§ Input:

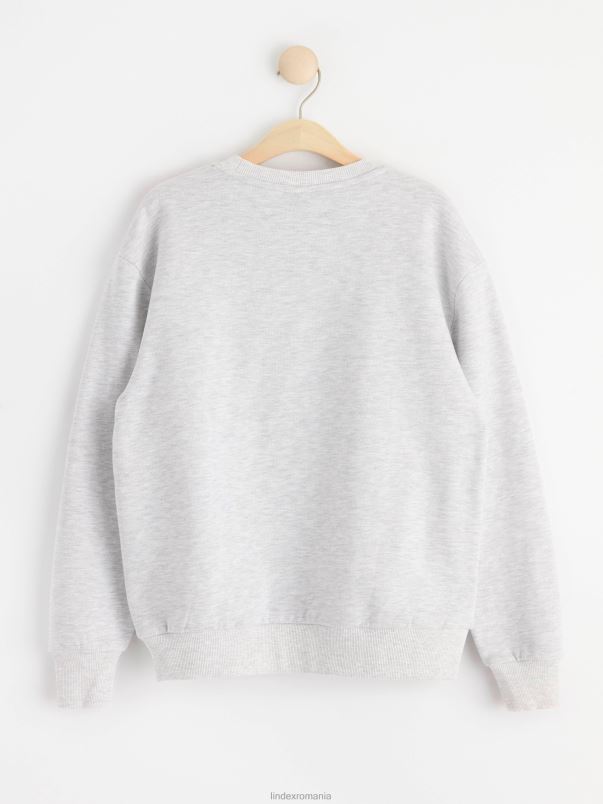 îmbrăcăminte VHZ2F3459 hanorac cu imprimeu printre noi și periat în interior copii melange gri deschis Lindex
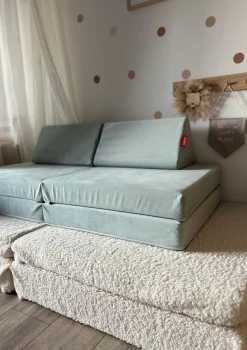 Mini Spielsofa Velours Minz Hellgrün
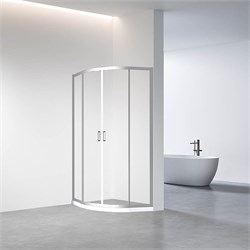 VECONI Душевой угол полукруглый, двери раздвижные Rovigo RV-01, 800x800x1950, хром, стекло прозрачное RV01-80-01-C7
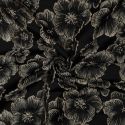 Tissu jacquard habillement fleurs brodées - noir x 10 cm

---

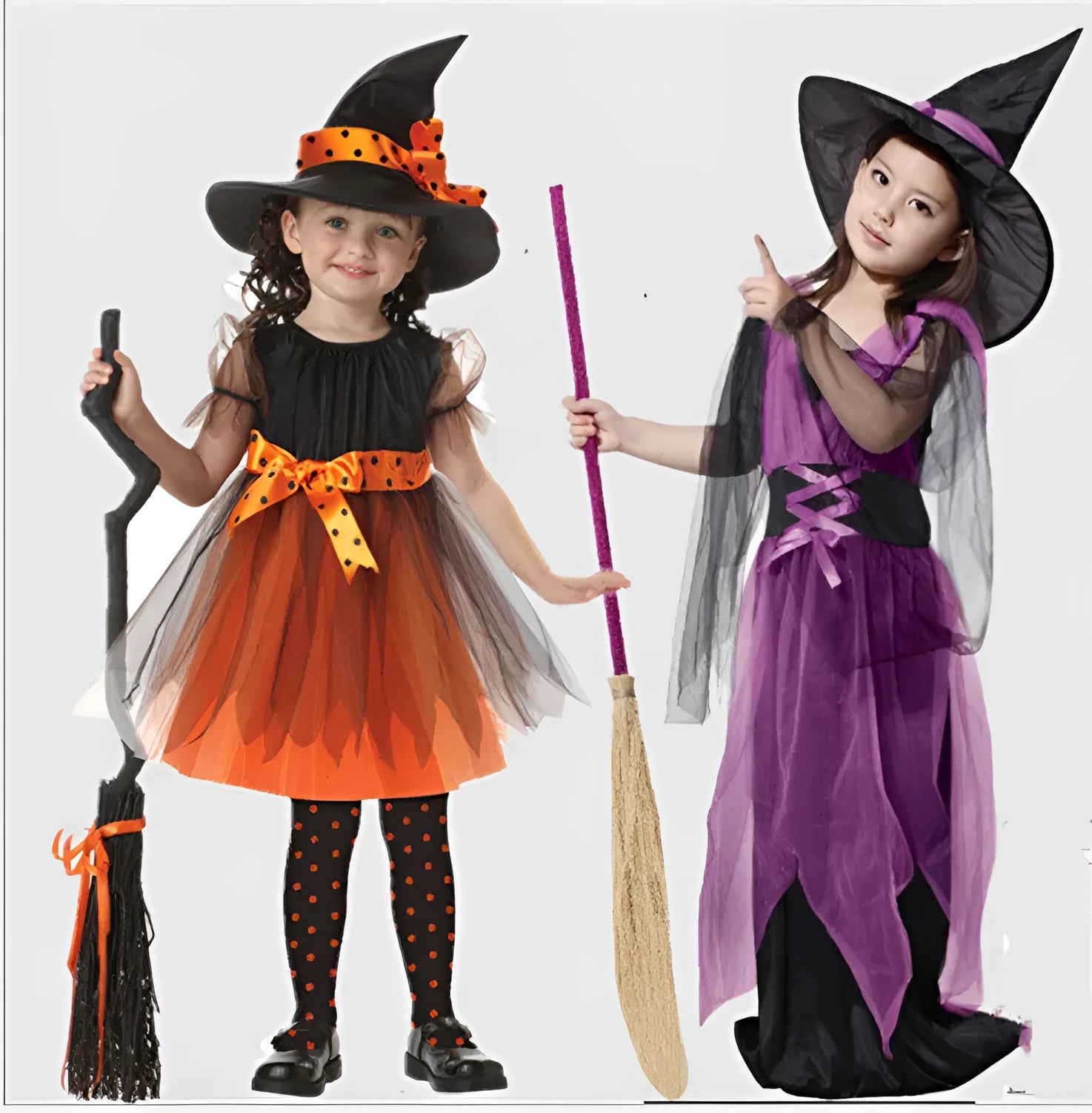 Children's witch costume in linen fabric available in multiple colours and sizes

* * *

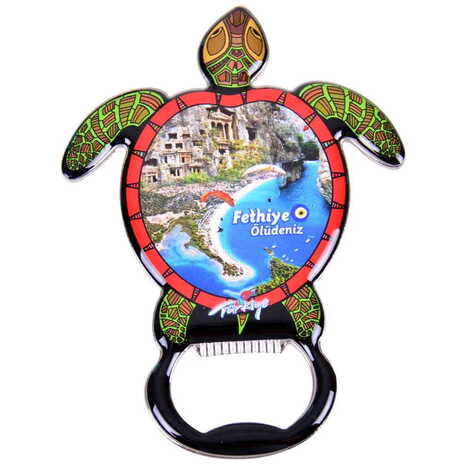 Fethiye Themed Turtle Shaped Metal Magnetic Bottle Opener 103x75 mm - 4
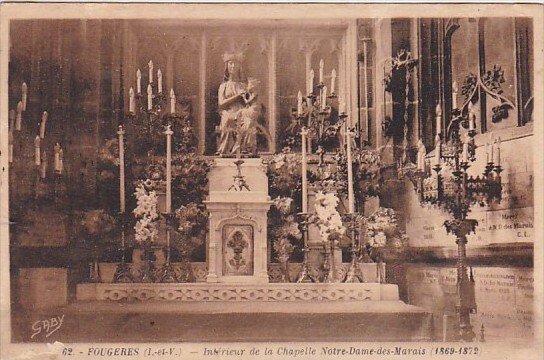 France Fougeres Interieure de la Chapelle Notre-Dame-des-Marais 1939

§ What the task requires: Please copy out from the data above, without any picture, exactly the lines running from the one that holds "Mini Spielsofa Velours Minz Hellgrün" through the one that holds "Tissu jacquard habillement", and nothing beyond them.

§ Exercise result:
 Mini Spielsofa Velours Minz Hellgrün
 VECONI Душевой угол полукруглый, двери раздвижные Rovigo RV-01, 800x800x1950, хром, стекло прозрачное RV01-80-01-C7
 Tissu jacquard habillement fleurs brodées - noir x 10 cm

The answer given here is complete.